Instructions to follow — Would you transcribe the lines running from the one that holds "Метеор потока Персеиды, наблюдавшегося" to the last line of the records? Leave every picture out.

Source information —

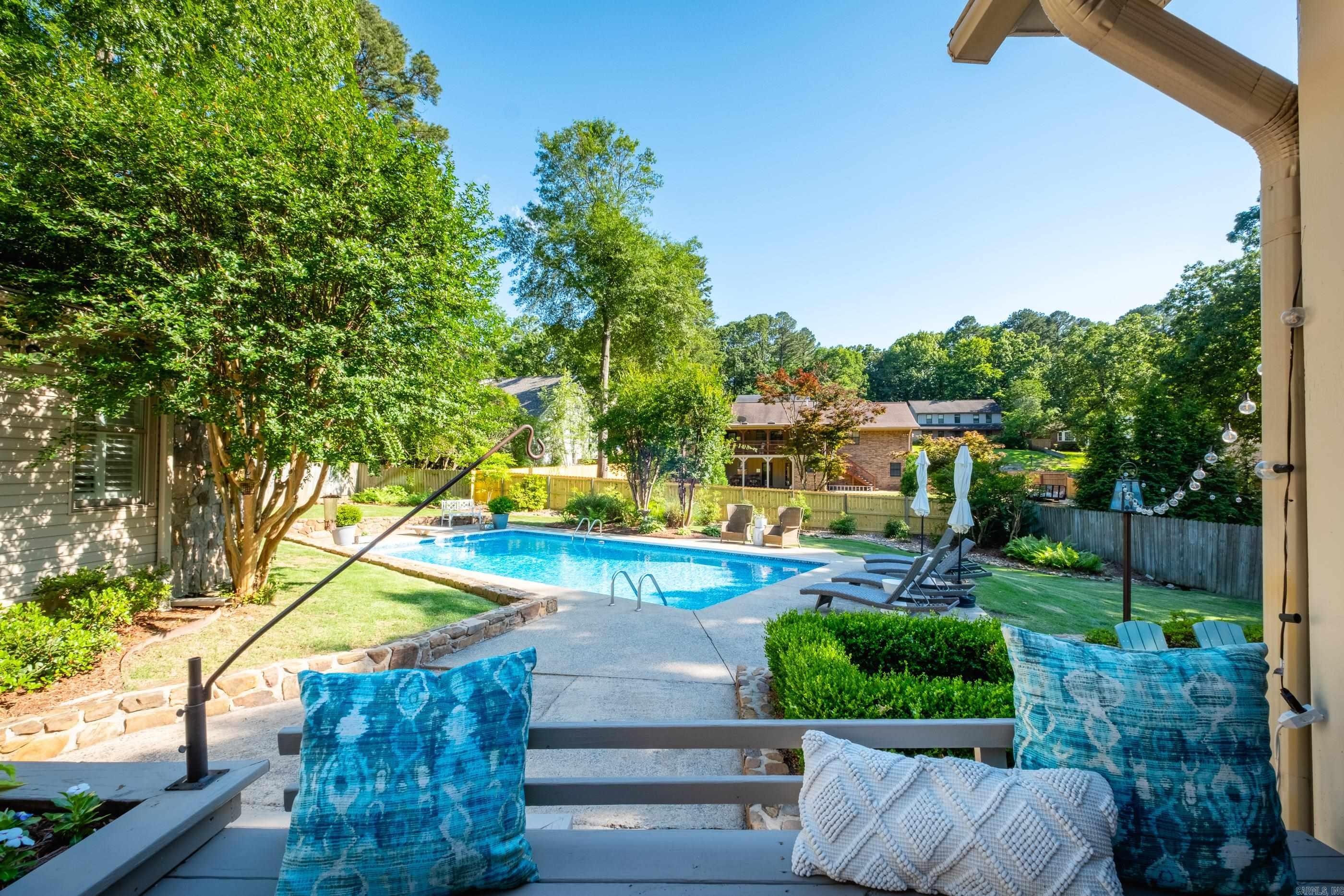 PLEASANT VALLEY - Residential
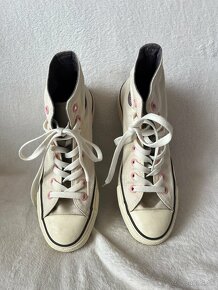 Kotnikove tenisky Converse. Kremova farba. Velkost 39.5. - 2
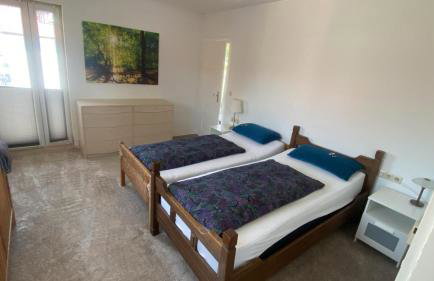 Übernachtungen 75 m2 Unterkunft Großer Parkplatz WLAN 1 Stock im Haus - Foto 16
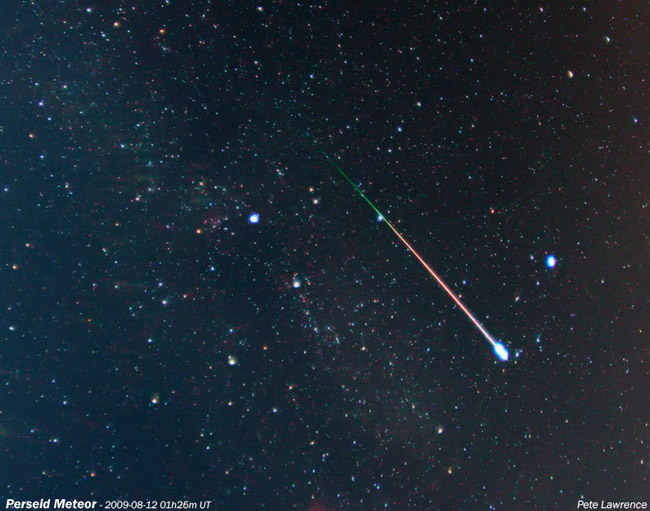Метеор потока Персеиды, наблюдавшегося в августе 2009 года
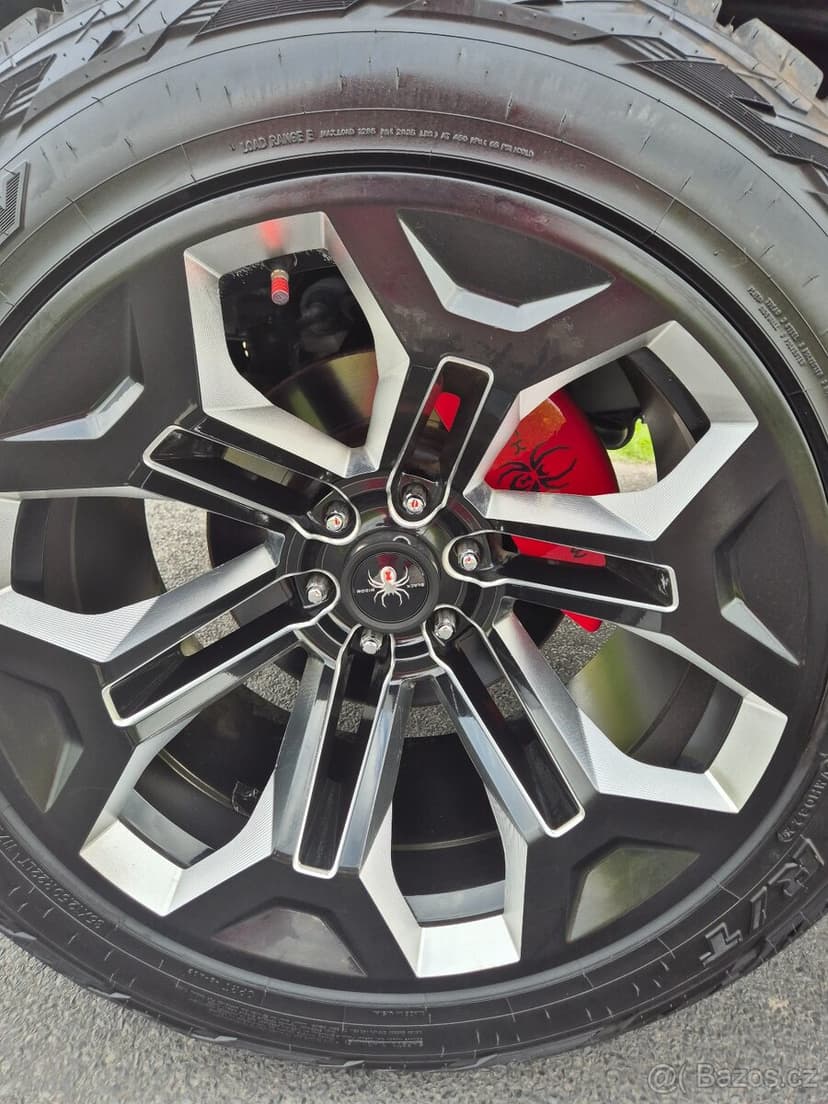 DODGE RAM 5,7 HEMI BLACK WIDOW 39 000km odpočet DPH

Output of the task —
Метеор потока Персеиды, наблюдавшегося в августе 2009 года
 DODGE RAM 5,7 HEMI BLACK WIDOW 39 000km odpočet DPH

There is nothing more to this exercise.